1. Overload switching tests verify the circuit breaker can withstand repeated overloads at 600% of the rated currents.

2. Endurance tests verify that the circuit breaker can withstand multiple switching operations at 100% of the rated current.

3. Short-circuit current tests verify that the circuit breaker can safely interrupt its rated short-circuit current in the case of a short circuit.

Each type of test is conducted in specific test circuits according to the voltage and current ratings, number of poles (individual breaker units within the overall case), and circuit type (single-phase and three-phase). Each test also has a specific sequence of operations for repeated closings of the circuit breaker being tested.

ANSI C37.50 tests of AC LVPCBs are designed for breakers rated 60 Hz, with the test frequency being in the range of 60 Hz ± 20%.

AC circuit breakers have standard frame sizes (maximum ampere ratings or continuous-current-carrying capability) listed in TABLE 24 as specified in IEEE Standard C37.16-2009 (IEEE, 2009b). The standard fuse sizes are listed in TABLE 25. The nominal and maximum AC voltage ratings for LVPCBs are listed in TABLE 26. The interrupting ratings of the circuit breakers, defined as "the highest RMS symmetrical current at the rated voltage that a device is intended to interrupt under standard test conditions" are many times larger than their ampere ratings. For unfused AC LVPCBs rated under ANSI C37.16-2009, the interrupting ratings range from 22 to 200 kA.

Fused AC LVPCBs have a 200 kA interrupting rating.

TABLE 24 Standard Frame Sizes for AC and DC LVPCBs

Frame Size (A)

  • 600
  • 800
  • 1600
  • 2000
  • 3000
  • 3200
  • 4000
  • 5000
  • 6000

Source: IEEE (2009a).

TABLE 25 Standard Fuse Sizes for AC LVPCBs

TABLE 26 Applicable Voltage Ratings for AC LVPCBs Maximum AC Voltage (V) | Nominal AC Voltage (V)

  • 254 | 240
  • 508 | 480
  • 635 | 600

Source: ANSI (1989) and IEEE (2009a).

Overload tests are performed at 600% of the rated current, with the values for various breaker ratings listed in TABLE 27. The no-load voltage of the test circuit should not be less than 100% and greater than 105% of the rated voltage, while the overload voltage with 600% current should not be less than 65% of the rated voltage. The test frequency should be in the range of 60 Hz ±20%. Tests are performed at a lagging power factor of no more than 50% for AC circuit breakers. The test fuse should be rated 30 A with a voltage rating equal to or greater than that of the device under test, and a (#10 AWG) wire not longer than 1.8 m (6 ft). The breakers are tested at a rate of one operation per minute for 5 min, followed by an interval of 15 min before the next test sequence.

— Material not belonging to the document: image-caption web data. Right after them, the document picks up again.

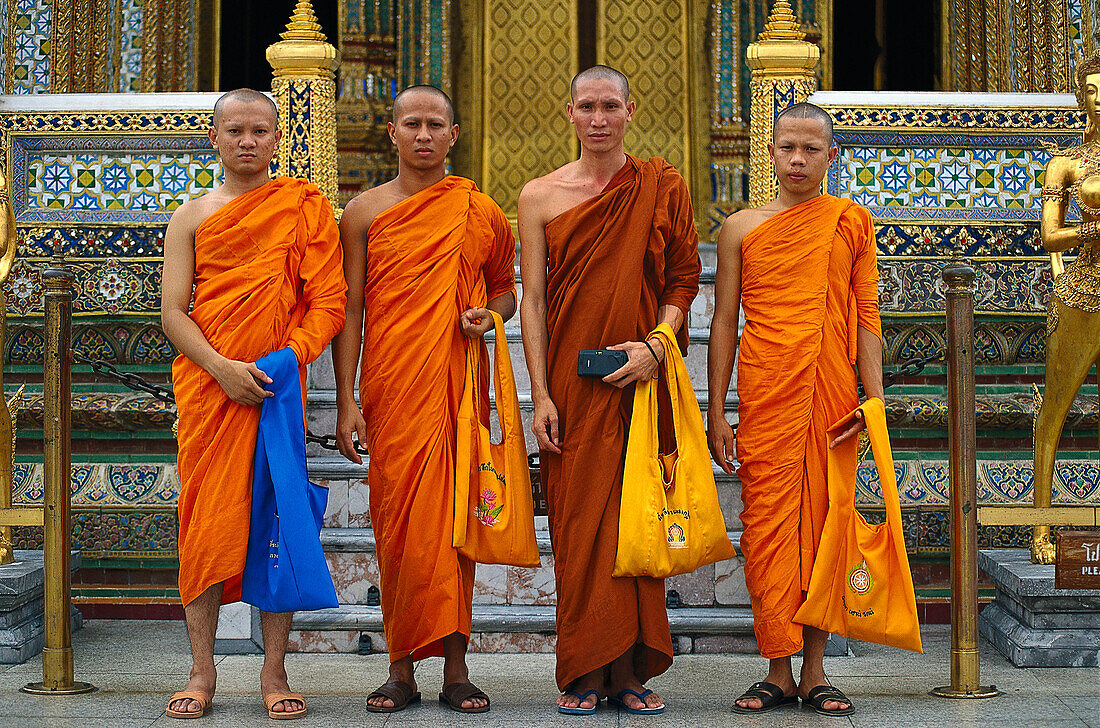 Monks in front of the Wat Phra Keo temple, Bangkok, Thailand, Asia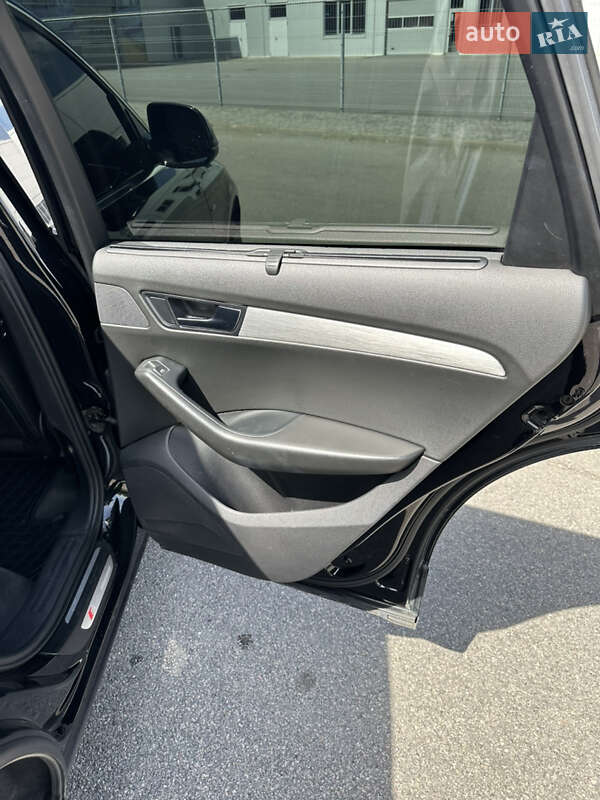 Внедорожник / Кроссовер Audi Q5 2009 в Днепре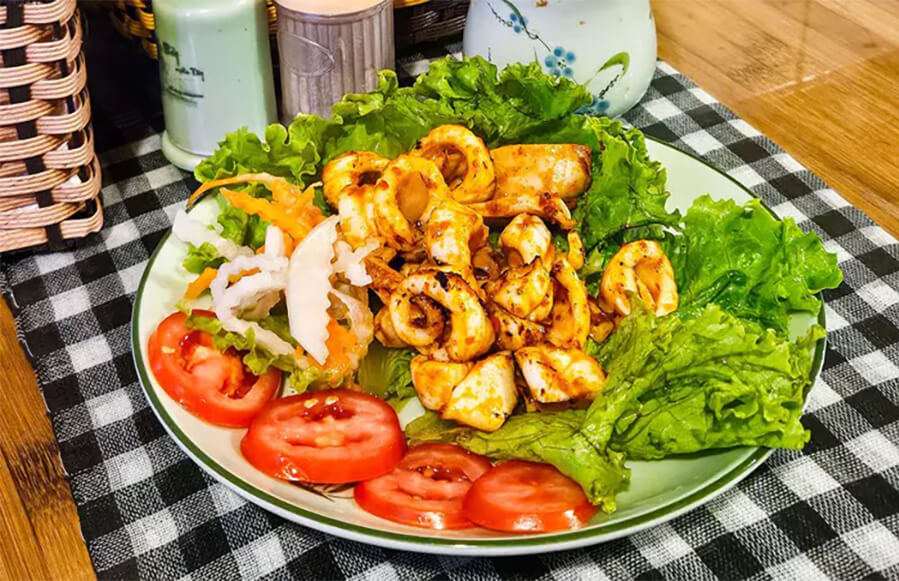 Bánh xèo thành phẩm tại Mr Bảy Miền Tây. Ảnh: Michelin Guide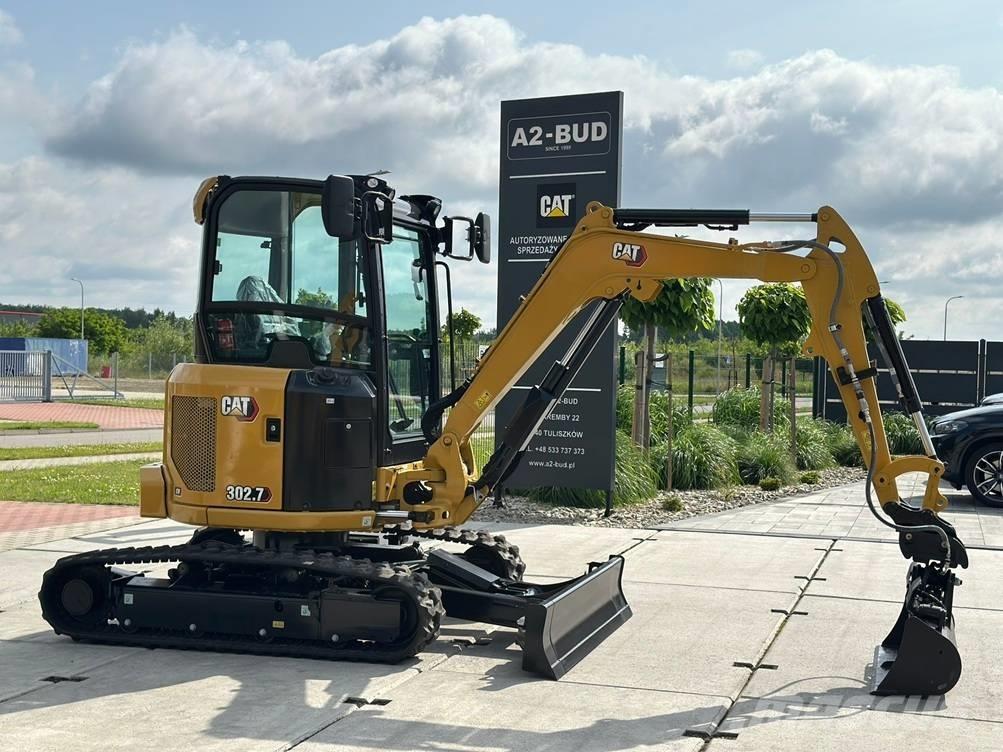CAT 302.7 CR Мини екскаватори < 7 т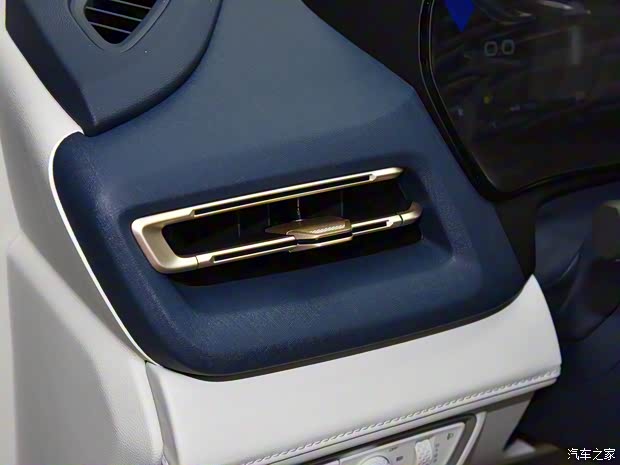 上汽通用五菱 五菱凱捷 2023款 混動(dòng)鉑金版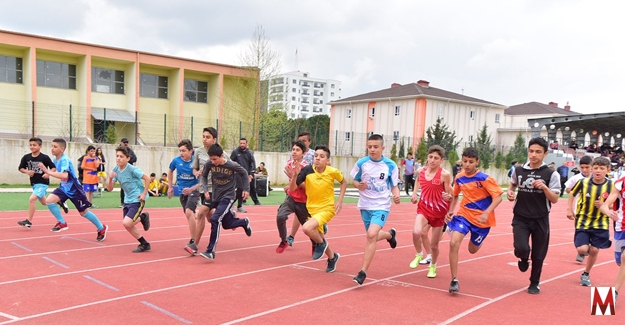 Okullar arası Atletizm yarışmaları yapıldı  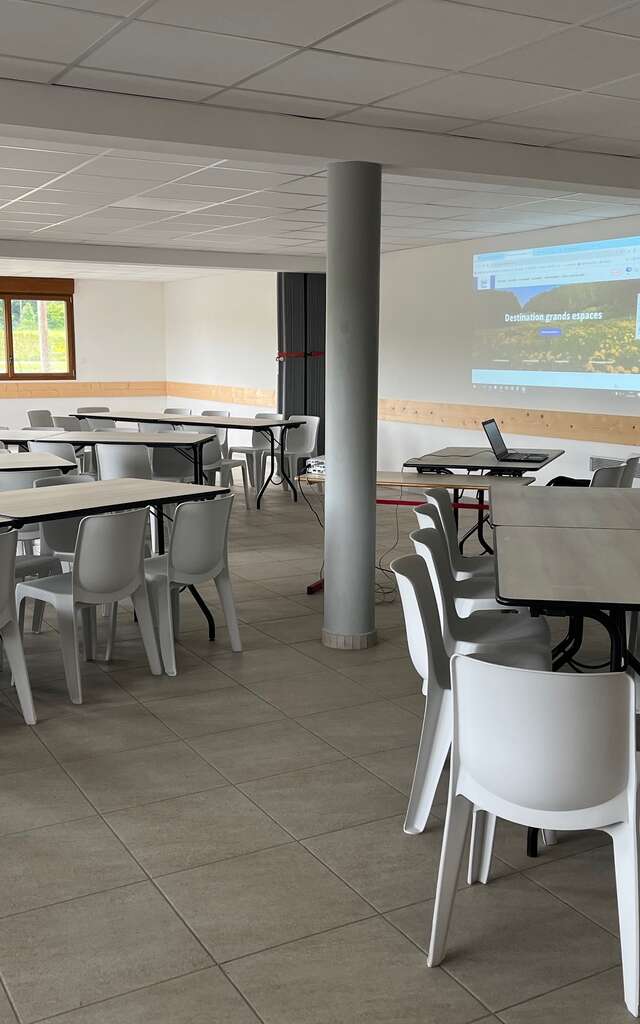 Salle hors sac du Stade de Biathlon des Plans d'Hotonnes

The breakers are only switched on for a very short time in each test, not less than one cycle, and are opened by a shunt trip device.

TABLE 27 Overload Tests for AC LVPCBs at 600% of Rated Amperes

Endurance tests are performed at 100% of the rated current, with the values for various breaker ratings listed in TABLE 28. The no-load voltage of the test circuit should not be less than 100% and greater than 105% of the rated voltage. The voltage of the test circuit with load should be greater than 80% of the rated voltage. The test frequency should be in the range of 60 Hz ± 20%. Tests are performed at a lagging power factor of not more than 85% for AC circuit breakers. The test fuse should be rated 30 A with a voltage rating equal to or greater than that of the device under test, and a (#10 AWG) wire not longer than 1.8 m (6 ft). The breakers are switched on and off at the rate of one operation every 2 min. Tests may be grouped in sequences of no fewer than 120 operations.

TABLE 28 Endurance Tests for AC LVPCBs at 600% of Rated Amperes

The short-circuit current tests are performed at high values of current, with the values for various breaker ratings listed in TABLE 29.

The no-load voltage of the test circuit should not be larger than the rated maximum voltage of the breaker under test. The test frequency should be in the range of 60 Hz ± 20%. The short-circuit current tests are performed at a lagging power factor not greater than 15% for unfused breakers, and 20% for fused breakers.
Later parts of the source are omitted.